How India-Pakistan wars tore apart the social fabric of Umerkot

Wars have a way of creating false or incomplete histories. The tales of heroes and victories often obscure the plight of the common person caught in the war zone.

The suffering of those living in Umerkot, Sindh during the 1965 and the 1971 wars fought between India and Pakistan finds no mention in the history books taught in our schools. I learnt about these unwritten stories by word of mouth during a recent visit to this small, dusty town.

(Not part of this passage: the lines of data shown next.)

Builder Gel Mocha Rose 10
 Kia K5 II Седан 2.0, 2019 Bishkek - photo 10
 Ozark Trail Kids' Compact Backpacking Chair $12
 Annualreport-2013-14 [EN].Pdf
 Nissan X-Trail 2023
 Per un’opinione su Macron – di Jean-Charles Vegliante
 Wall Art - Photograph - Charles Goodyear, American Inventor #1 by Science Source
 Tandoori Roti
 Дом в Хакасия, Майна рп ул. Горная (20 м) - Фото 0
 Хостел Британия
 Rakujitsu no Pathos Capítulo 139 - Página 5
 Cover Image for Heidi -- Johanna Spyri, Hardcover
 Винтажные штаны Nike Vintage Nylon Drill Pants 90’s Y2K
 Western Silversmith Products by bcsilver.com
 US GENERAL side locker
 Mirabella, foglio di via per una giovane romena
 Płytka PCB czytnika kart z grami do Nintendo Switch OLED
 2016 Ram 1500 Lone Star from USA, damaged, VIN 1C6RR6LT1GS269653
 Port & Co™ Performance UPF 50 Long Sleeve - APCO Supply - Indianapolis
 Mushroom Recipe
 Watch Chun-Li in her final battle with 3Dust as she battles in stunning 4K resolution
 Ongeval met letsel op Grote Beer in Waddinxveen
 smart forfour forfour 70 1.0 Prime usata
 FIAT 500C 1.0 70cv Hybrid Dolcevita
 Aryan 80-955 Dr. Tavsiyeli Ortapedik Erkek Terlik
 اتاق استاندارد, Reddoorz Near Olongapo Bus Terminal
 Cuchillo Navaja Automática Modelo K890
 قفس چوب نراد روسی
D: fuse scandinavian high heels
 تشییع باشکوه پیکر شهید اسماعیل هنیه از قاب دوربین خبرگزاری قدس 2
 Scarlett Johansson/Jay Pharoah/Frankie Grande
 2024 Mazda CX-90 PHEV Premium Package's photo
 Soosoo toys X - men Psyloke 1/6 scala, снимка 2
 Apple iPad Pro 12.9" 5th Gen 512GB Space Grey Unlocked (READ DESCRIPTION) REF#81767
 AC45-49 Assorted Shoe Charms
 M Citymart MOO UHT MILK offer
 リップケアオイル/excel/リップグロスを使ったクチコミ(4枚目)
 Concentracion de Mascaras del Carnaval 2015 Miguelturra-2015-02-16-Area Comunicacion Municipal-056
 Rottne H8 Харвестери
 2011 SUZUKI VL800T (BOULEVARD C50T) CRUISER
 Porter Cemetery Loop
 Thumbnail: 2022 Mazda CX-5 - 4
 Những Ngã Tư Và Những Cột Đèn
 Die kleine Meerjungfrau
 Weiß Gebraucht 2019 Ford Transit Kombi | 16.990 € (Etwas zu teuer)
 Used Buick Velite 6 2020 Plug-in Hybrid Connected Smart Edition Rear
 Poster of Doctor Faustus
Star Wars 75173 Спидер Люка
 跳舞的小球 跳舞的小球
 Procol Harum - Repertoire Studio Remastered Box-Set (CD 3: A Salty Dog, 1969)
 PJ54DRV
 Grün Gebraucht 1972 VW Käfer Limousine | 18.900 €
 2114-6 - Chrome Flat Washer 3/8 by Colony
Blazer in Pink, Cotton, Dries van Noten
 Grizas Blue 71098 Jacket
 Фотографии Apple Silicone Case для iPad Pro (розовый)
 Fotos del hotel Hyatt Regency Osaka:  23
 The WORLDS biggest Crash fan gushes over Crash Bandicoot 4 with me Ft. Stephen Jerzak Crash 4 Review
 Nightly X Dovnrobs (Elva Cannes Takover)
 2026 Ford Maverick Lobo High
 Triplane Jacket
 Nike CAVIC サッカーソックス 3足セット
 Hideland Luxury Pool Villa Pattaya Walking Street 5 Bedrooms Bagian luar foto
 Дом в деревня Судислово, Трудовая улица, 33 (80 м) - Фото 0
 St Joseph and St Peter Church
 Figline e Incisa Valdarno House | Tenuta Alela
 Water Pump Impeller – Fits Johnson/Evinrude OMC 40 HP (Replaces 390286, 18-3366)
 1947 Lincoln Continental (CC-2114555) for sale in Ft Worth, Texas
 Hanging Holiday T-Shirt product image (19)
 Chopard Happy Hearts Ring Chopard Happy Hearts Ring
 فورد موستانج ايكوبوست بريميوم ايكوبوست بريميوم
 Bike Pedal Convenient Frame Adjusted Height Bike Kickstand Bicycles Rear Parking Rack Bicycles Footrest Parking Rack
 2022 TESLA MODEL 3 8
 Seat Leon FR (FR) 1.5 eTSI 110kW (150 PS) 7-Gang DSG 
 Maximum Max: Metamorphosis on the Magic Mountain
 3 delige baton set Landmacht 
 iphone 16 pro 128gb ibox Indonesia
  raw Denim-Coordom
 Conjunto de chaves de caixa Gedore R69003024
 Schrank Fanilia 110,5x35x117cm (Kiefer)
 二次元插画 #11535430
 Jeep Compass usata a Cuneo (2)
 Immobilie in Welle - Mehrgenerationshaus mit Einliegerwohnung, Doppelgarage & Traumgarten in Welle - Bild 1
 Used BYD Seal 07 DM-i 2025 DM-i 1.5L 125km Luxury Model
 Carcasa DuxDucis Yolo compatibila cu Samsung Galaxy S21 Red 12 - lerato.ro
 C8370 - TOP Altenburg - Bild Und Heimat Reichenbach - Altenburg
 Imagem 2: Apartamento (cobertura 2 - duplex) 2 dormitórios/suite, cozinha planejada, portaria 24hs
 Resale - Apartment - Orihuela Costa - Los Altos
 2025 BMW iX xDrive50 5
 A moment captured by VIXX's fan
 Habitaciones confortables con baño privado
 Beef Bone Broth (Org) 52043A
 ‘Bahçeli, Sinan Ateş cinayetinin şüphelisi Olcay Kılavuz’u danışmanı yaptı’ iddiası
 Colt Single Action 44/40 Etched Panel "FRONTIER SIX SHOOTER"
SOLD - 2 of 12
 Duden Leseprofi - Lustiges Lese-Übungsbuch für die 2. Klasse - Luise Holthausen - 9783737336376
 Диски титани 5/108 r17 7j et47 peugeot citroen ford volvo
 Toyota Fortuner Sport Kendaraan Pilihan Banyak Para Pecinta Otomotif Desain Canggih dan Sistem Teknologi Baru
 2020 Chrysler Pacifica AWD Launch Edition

Umerkot is located in the east of Sindh, about 60 kilometres from the Indian border. It is famous for the Umerkot Fort that dates back to the 11th century. Mughal emperor Akbar was born at the Fort in 1542, after the Hindu Raja Rana Parasad gave refuge to his father Humayun, who was fleeing the armies of Sher Shah Suri. The Fort is also the setting of the famous Sindhi tragic romance of Umar Marvi.

Mohammed Shafi Faqir, the Sufi singer of Umerkot.
Mohammed Shafi Faqir, the Sufi singer of Umerkot.

I, and a group of friends, had travelled to Umerkot to record Shafi Faqir, a very fine singer of Sufi poetry. We were all set to record the singer in the morning when we got the news that he was going to be late since a relative of his had passed away and he had to be at the funeral. He requested a friend of his, Mohammed Jumman, to attend to us while we were waiting.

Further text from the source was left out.